PROBLEM DETAILS: Where the line with "Neha – Indian escort in Manali — 2 / 5" appears below, start writing out lines exactly, and finish with the line with "Used 2021 RAM 3500 Limited image 2", which is included; write out nothing else.
--------
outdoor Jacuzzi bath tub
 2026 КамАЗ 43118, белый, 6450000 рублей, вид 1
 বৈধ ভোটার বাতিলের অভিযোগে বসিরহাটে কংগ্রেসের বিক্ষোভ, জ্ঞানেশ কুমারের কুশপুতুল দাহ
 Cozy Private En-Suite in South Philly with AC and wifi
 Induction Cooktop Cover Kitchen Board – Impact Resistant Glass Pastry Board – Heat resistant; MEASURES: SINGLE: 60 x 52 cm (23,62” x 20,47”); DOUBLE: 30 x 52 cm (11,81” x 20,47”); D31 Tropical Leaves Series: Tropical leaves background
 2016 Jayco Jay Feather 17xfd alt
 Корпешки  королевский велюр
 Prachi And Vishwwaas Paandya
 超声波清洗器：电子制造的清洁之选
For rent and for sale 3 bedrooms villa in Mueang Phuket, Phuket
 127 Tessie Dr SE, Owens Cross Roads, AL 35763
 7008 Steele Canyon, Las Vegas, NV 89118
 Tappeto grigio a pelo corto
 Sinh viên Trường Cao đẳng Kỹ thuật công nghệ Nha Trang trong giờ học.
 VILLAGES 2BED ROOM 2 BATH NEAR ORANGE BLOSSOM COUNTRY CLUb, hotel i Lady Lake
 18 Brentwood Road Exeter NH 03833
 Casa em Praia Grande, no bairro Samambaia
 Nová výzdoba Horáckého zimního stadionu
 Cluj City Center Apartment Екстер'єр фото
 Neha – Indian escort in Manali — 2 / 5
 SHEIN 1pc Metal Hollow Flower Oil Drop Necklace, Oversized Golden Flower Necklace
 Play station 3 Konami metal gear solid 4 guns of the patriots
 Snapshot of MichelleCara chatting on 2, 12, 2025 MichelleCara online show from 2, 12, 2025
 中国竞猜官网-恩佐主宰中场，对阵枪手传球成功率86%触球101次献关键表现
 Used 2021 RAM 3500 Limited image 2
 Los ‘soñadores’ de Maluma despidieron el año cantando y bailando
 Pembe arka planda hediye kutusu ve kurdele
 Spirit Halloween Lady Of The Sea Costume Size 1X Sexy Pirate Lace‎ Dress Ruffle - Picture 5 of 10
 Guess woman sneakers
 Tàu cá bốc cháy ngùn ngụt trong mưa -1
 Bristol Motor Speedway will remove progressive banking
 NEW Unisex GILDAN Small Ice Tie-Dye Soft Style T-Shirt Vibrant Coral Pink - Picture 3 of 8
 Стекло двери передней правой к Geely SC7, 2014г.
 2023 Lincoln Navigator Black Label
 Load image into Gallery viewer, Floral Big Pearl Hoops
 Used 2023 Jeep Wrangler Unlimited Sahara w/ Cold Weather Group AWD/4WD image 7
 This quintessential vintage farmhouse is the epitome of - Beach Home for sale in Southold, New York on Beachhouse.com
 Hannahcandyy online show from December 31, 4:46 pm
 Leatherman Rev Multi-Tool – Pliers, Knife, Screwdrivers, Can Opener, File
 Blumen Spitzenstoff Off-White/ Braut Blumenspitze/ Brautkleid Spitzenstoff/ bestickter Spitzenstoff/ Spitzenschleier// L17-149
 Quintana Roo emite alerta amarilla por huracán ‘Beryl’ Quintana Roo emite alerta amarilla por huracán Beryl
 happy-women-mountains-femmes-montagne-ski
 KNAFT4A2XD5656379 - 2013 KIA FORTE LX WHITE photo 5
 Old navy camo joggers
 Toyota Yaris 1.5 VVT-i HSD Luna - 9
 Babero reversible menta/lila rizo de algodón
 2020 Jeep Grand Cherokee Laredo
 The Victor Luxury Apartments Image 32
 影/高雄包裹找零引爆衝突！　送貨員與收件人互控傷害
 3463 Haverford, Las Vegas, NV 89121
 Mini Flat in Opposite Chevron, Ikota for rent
--------
TASK OUTPUT:
 Neha – Indian escort in Manali — 2 / 5
 SHEIN 1pc Metal Hollow Flower Oil Drop Necklace, Oversized Golden Flower Necklace
 Play station 3 Konami metal gear solid 4 guns of the patriots
 Snapshot of MichelleCara chatting on 2, 12, 2025 MichelleCara online show from 2, 12, 2025
 中国竞猜官网-恩佐主宰中场，对阵枪手传球成功率86%触球101次献关键表现
 Used 2021 RAM 3500 Limited image 2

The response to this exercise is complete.